The 1960s-era Soviet-made Grad rocket has a range of 25 km (15 miles). Two of them struck Ashkelon.
Earlier, Palestinian medics said two Hamas fighters were wounded in an Israeli air force strike, which a military spokesman said was in response to an earlier rocket attack.
Hamas said it fired 8 shorter-range Kassam rockets in response, aimed at the city of Sderot.
Two Kassams hit, causing damage to buildings, Israeli police spokesman Micky Rosenfeld said. One Israeli was treated for shrapnel wounds, and a number of people suffered shock.
The clashes halted before sundown on Friday, as the Muslim day of prayer ended and the Jewish sabbath began. Israel’s caretaker prime minister, Ehud Olmert, was due to consult defense chiefs about the “escalation,” his spokesman said.
Israel has closed border crossings with Gaza, halting food and fuel supplies to the blockaded enclave, between Israel and Egypt on the Mediterranean coast. Hamas Islamists who control the territory do not recognize Israel’s right to exist.
An Israeli official said they would remain shut for now.
“People are going to start getting hungry,” said U.N. spokesman Christopher Gunness.
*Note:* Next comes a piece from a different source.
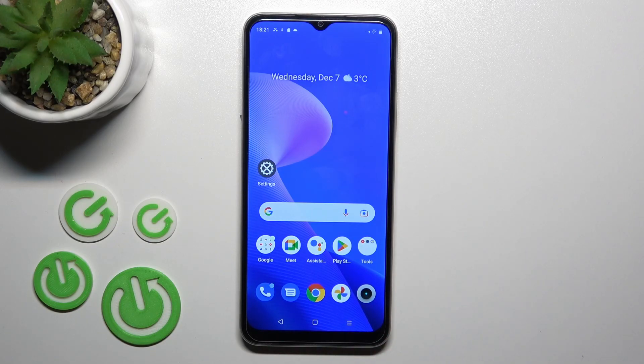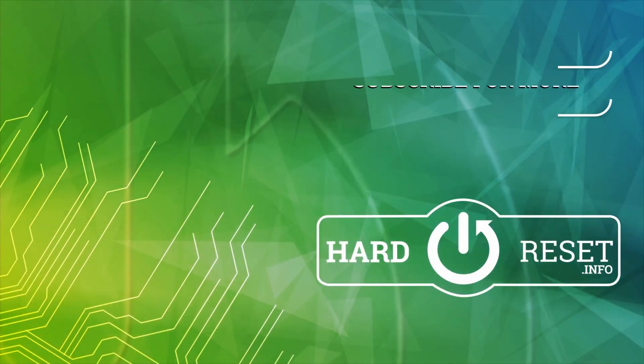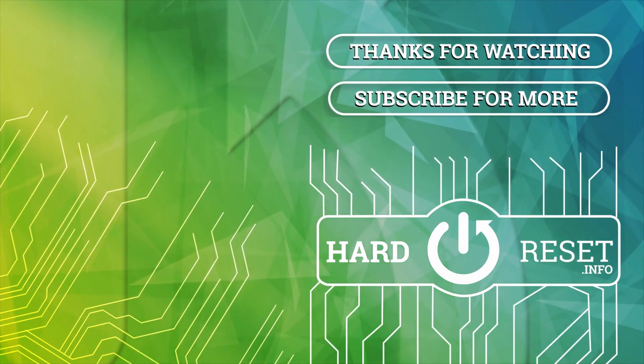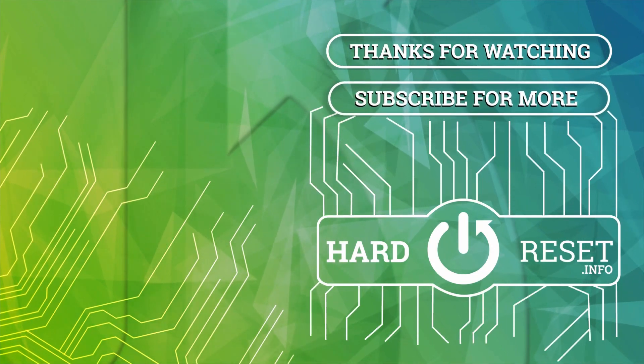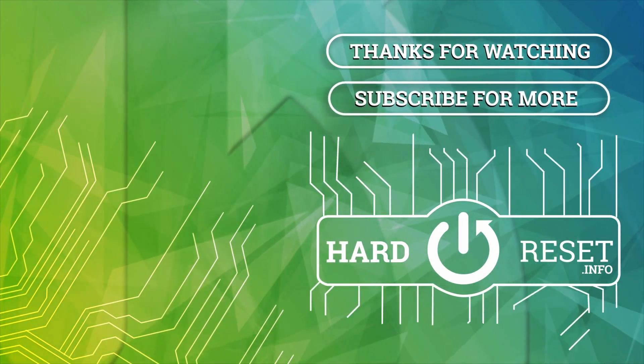So that's it. Thank you for watching, and if you find this video helpful, don't forget to leave a like, comment, and subscribe to our channel. Thank you.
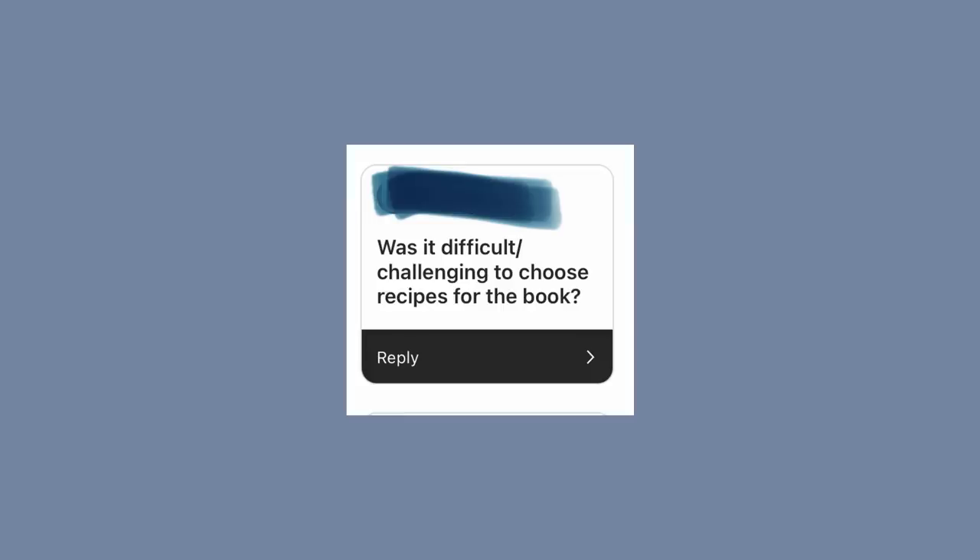Was it difficult to choose recipes for the book? Yes and no. The difficult part was coming up with 100 totally unique recipes, which is why some recipe titles may seem familiar — but they're not copy-pasted. Every single recipe in the book is new. Sometimes I took an old recipe from the channel and upgraded it. For example, my OG pancake recipe got a huge upgrade, and the pumpkin brownies have a new method that makes them look even more beautiful. Even if some sound familiar, all of them are new.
The U.N. is out of food to distribute locally to 750,000 needy Palestinians, he said.
Short of fuel, Gaza shot down its sole power plant, and rationed electricity it gets from Israel and Egypt. Some Gaza bakeries posted notices on Friday limiting the purchase of bread, although no major shortages were reported.
The EU urged Israel to let aid supplies through.
“I am profoundly concerned about the consequences for the Gazan population of the complete closure of all Gaza crossings for deliveries of fuel and basic humanitarian assistance,” said External Relations Commissioner Benita Ferrero-Waldner.
“I call on Israel to re-open the crossings,” she said.
The clashes began on November 4. when Israeli forces killed six Hamas gunmen in a raid it said was launched to destroy a secret infiltration tunnel, and a strike at militants firing mortars.
Israeli troops killed four gunmen in a raid on Wednesday, and Hamas responded with more rocket and mortar attacks.
Hamas is in conflict with the Fatah faction of Palestinian President Mahmoud Abbas which holds sway in the Israeli-occupied West Bank and is negotiating with Israel on peace terms.
The rift between them widened in 2007 as Hamas took control of Gaza. Egypt brokered the Israel-Hamas truce, but Palestinian unity talks it is mediating faltered earlier this month.